Right the next game of golf is booked for Friday the 27th August.

2 tee times have been booked for 9.10am and 9.20am.

Its 225dhs per player. It includes buggys and unlimited balls on the range.

Please confirm your attendance here.

The Els Club Dubai


----------



## sdh080 (Jan 20, 2010)

mikeyb said:


> Right the next game of golf is booked for Friday the 27th August.
> 
> 2 tee times have been booked for 9.10am and 9.20am.
> 
> ...


Do they allow hackers on the course?!


----------



## mikeyb (May 15, 2010)

sdh080 said:


> Do they allow hackers on the course?!


Well they let me on, I can often be found hacking around the Desert or retrieving balls from the water.


----------



## sdh080 (Jan 20, 2010)

mikeyb said:


> Well they let me on, I can often be found hacking around the Desert or retrieving balls from the water.

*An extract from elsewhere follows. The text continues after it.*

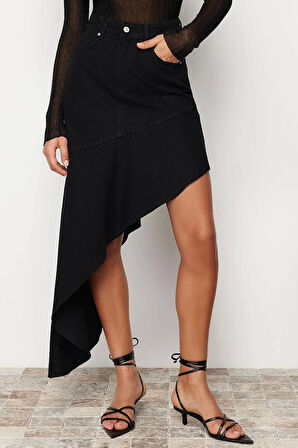 Moda Asimetrik Düz Desen Günlük Maxi Boy Asimetrik Yüksek Bel Maxi Denim Etek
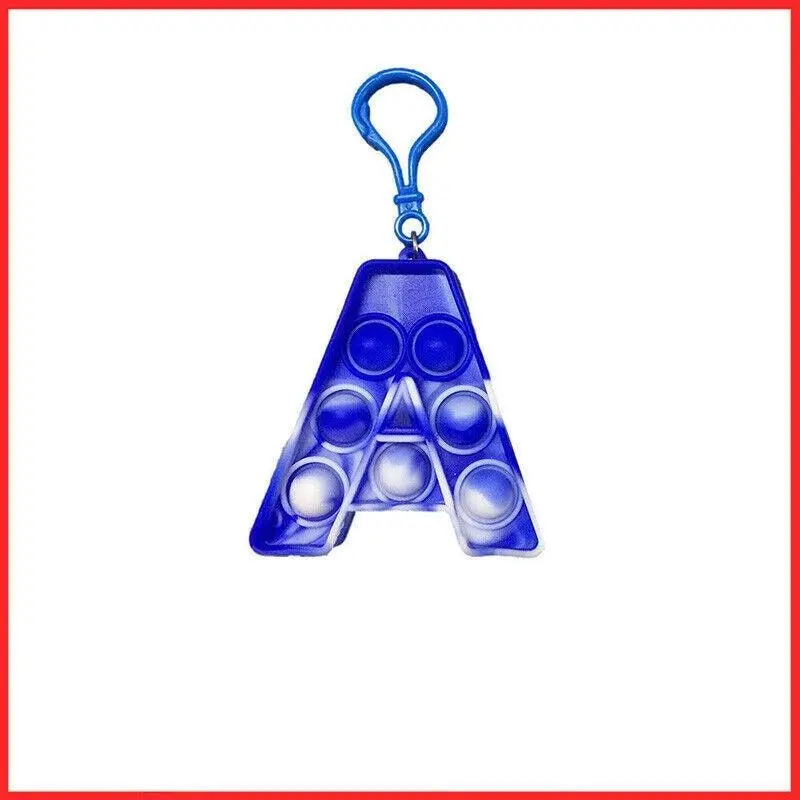 1Pcs Capital Letter Pop It Key Chain Large Size Fidget Toy Back  To  School  Au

I've got football training again on Friday morning so everyone is safe from me hacking all over the course.


----------



## mikeyb (May 15, 2010)

Looks like we may have 5 already

If anyone else is interested please let me know

Thanks


----------



## skibanff (Mar 8, 2010)

*We Now have 7*



mikeyb said:


> Looks like we may have 5 already
> 
> If anyone else is interested please let me know
> 
> Thanks


Hi Mike
Just to make the comp feel international we now have an American and Irishman joining us so that makes 7 already with Scotts Friend!
Only one spot left


----------



## mikeyb (May 15, 2010)

skibanff said:


> Hi Mike
> Just to make the comp feel international we now have an American and Irishman joining us so that makes 7 already with Scotts Friend!
> Only one spot left


Great News skibanff:clap2: should be fun:clap2:

I have until Weds pm to confirm numbers so if anything changes please let me know asap.


----------



## mikeyb (May 15, 2010)

Now 6, as SPB cant make it.

So we have 2 free places if anyone fancies it.


----------



## skibanff (Mar 8, 2010)

I have one more so we are up to 7!


----------



## pamela0810 (Apr 5, 2010)

Hi guys, if you are doing an evening round of golf anytime within the next couple of weeks, may I please join you? I'll be a silent spectator and try not to get in the way.


----------



## mikeyb (May 15, 2010)

I have to finalise the numbers tomorrow, so if anyone else fancies it, let me know by lunchtime Weds.

Thanks


----------



## skibanff (Mar 8, 2010)

mikeyb said:


> I have to finalise the numbers tomorrow, so if anyone else fancies it, let me know by lunchtime Weds.
> 
> Thanks


We now have a problem down to 5 players now! No other interest from the forum?


----------